Given records START

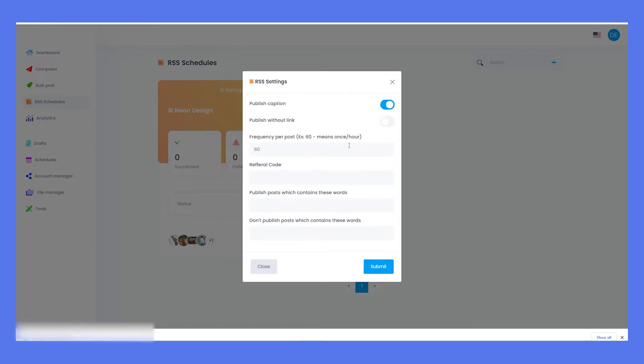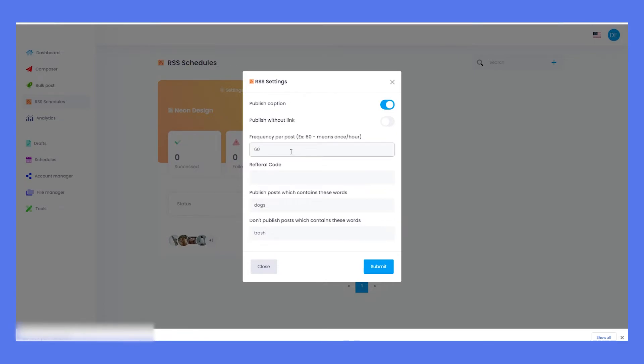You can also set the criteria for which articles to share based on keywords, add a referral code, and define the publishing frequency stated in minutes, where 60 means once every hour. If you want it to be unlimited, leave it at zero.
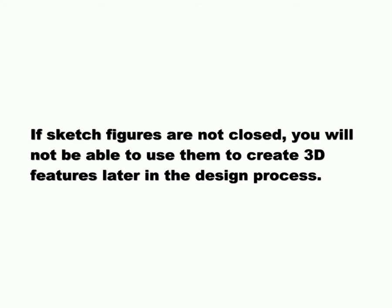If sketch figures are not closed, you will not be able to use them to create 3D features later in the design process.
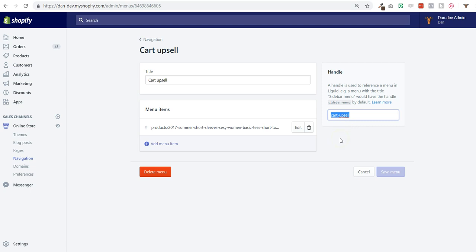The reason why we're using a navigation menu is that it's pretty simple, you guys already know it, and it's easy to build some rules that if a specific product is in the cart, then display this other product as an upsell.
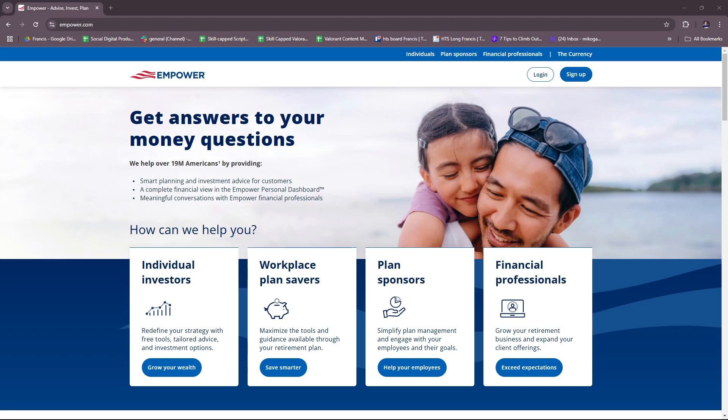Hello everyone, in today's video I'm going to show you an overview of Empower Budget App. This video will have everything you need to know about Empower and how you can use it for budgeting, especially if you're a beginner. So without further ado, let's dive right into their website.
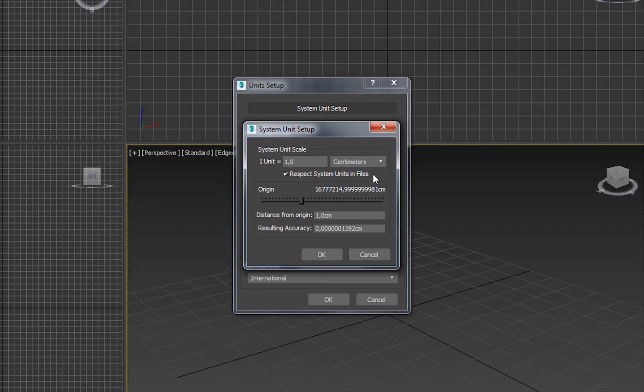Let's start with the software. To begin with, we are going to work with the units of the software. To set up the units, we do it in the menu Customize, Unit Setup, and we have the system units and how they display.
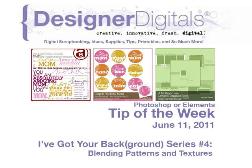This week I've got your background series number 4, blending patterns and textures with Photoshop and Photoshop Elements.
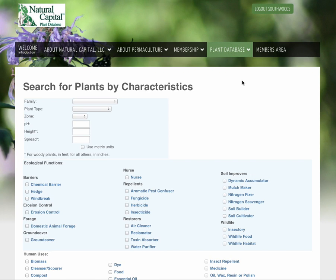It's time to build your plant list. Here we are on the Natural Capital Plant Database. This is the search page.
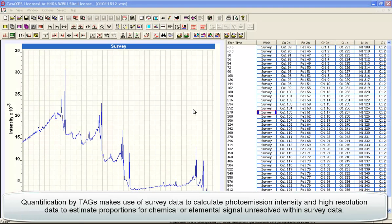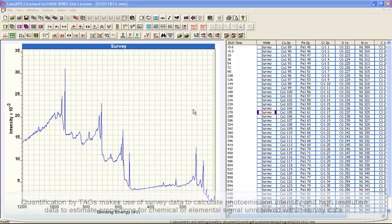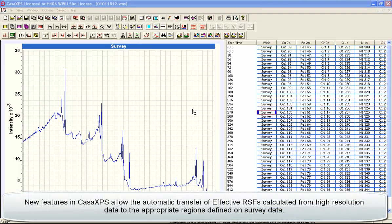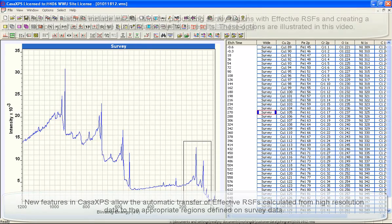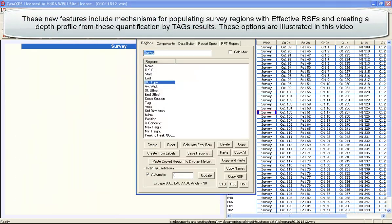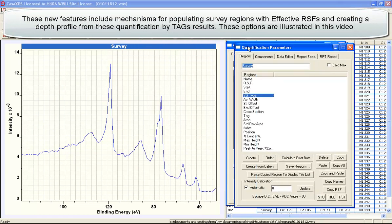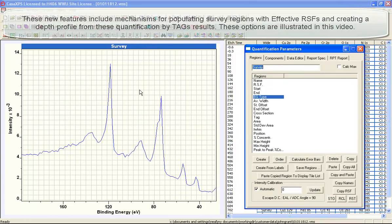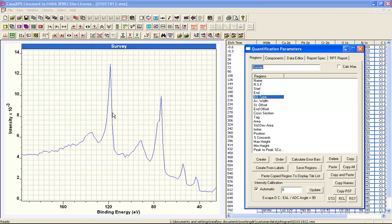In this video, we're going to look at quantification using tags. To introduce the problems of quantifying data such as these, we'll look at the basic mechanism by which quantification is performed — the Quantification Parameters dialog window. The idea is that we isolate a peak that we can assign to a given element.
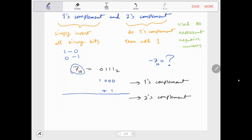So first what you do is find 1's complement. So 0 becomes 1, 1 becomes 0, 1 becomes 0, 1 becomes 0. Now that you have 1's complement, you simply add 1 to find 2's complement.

Given records END

Assignment:
Retype the data shown above exactly, excluding any picture it contains.

Output of the exercise:
You can also set the criteria for which articles to share based on keywords, add a referral code, and define the publishing frequency stated in minutes, where 60 means once every hour. If you want it to be unlimited, leave it at zero.
If sketch figures are not closed, you will not be able to use them to create 3D features later in the design process.
The reason why we're using a navigation menu is that it's pretty simple, you guys already know it, and it's easy to build some rules that if a specific product is in the cart, then display this other product as an upsell.
Hello everyone, in today's video I'm going to show you an overview of Empower Budget App. This video will have everything you need to know about Empower and how you can use it for budgeting, especially if you're a beginner. So without further ado, let's dive right into their website.
Let's start with the software. To begin with, we are going to work with the units of the software. To set up the units, we do it in the menu Customize, Unit Setup, and we have the system units and how they display.
This week I've got your background series number 4, blending patterns and textures with Photoshop and Photoshop Elements.
It's time to build your plant list. Here we are on the Natural Capital Plant Database. This is the search page.
In this video, we're going to look at quantification using tags. To introduce the problems of quantifying data such as these, we'll look at the basic mechanism by which quantification is performed — the Quantification Parameters dialog window. The idea is that we isolate a peak that we can assign to a given element.
So first what you do is find 1's complement. So 0 becomes 1, 1 becomes 0, 1 becomes 0, 1 becomes 0. Now that you have 1's complement, you simply add 1 to find 2's complement.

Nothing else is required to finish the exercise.